S'il est certain que
Gabriel Chevallier fut un auteur populaire, et que son roman a fait la joie de plusieurs générations, on ne peut pas dire qu'il se soit montré indulgent pour certains de ses contemporains.
L'univers
clochemerlesque fait penser irrésistiblement aux dessins de
Dubout, dans lesquels se côtoient des personnages grotesques ou vaniteux, couples dépareillés, foules en délire ou en furie, populace débraillée et forte en gueule. Fortes matrones ou vieilles filles desséchées, godelureaux naïfs ou vieux grigous bilieux, on est certes dans la caricature appuyée, pas loin du stéréotype.
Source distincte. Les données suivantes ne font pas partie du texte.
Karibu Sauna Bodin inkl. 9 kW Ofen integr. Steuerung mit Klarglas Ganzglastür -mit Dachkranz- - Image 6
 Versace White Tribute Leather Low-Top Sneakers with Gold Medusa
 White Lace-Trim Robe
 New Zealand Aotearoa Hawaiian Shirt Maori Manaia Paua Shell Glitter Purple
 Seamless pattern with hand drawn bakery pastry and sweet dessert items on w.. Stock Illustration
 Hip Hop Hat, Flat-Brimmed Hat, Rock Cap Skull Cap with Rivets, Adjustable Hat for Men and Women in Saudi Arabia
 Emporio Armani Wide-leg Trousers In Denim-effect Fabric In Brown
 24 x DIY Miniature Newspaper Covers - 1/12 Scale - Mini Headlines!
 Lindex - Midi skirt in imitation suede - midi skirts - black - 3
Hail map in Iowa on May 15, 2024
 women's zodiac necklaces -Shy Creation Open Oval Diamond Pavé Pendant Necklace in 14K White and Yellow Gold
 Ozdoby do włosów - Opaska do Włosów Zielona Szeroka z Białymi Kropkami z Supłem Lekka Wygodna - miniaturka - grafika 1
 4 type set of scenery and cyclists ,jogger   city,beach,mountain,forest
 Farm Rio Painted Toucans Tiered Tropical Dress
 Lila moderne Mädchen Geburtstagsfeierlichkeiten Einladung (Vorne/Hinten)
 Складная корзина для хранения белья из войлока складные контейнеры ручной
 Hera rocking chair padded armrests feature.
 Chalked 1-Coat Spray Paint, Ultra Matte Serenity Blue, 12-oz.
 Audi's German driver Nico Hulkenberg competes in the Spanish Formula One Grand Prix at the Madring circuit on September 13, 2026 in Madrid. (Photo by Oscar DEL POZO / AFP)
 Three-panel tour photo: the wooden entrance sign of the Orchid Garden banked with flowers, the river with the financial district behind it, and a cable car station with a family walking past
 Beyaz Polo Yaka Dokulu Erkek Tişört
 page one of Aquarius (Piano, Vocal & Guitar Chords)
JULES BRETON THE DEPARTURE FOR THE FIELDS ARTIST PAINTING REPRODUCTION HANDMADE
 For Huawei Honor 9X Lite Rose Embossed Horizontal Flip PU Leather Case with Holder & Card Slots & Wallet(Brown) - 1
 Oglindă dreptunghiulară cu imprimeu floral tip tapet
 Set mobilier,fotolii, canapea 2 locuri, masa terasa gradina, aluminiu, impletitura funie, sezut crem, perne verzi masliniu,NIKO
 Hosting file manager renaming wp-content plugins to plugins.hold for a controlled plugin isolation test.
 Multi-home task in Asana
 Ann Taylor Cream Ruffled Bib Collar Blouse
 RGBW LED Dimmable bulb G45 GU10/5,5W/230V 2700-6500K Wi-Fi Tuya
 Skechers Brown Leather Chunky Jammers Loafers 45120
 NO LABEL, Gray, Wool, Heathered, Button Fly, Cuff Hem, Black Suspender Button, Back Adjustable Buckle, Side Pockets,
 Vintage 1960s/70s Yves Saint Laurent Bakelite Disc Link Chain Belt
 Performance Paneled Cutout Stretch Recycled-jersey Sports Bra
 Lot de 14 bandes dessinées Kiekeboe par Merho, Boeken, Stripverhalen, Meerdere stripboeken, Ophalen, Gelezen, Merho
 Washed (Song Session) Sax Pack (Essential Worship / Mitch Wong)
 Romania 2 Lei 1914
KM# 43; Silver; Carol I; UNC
Grâce au style du portraitiste, qui ne se prive pas de nous fournir tous les détails, au physique et au moral, de ses personnages, le théâtre Guignol devient digne de
Molière.
Mais au-delà de la caricature, transperce la tendresse pour le genre humain, ses faiblesses et sa fragilité. Ses travers et sa drôlerie souvent involontaires, ses bouffées d'orgueil et son incurable optimisme. le récit passe de la bouffonnerie au drame, mais c'est toujours le rire qui l'emporte. Chevallier n'a pas oublié les leçons de Maitre
Rabelais, et
Clochemerle est le lieu de guerres Picrocholines, de banquets et de beuveries mémorables, ou le curé et le sacristain sont de la partie. le jus de la treille réjouit les gosiers et les coeurs, il s'ensuit une belle ardeur qui annonce d'autres réjouissances de la chair.
Passées les agapes et les batifolages villageois, au détour d'un chapitre, Chevallier ne se prive pas de glisser des discours violemment anti-militaristes et anti-cléricaux. La tradition lyonnaise des canuts ne se trouve pas que dans la consommation des pots de beaujolais. Il y a ici de la critique sociale qui attaque aussi bien les bourgeois étriqués et les aristos décatis que les politiciens sans scrupule.
Clochemerle est ainsi une lecture résolument subversive, qui prône la liberté de vivre et de penser, plus libertaire et contestataire qu'on ne le croirait, plus proche de Brassens que de Chasse, pêche, nature et traditions.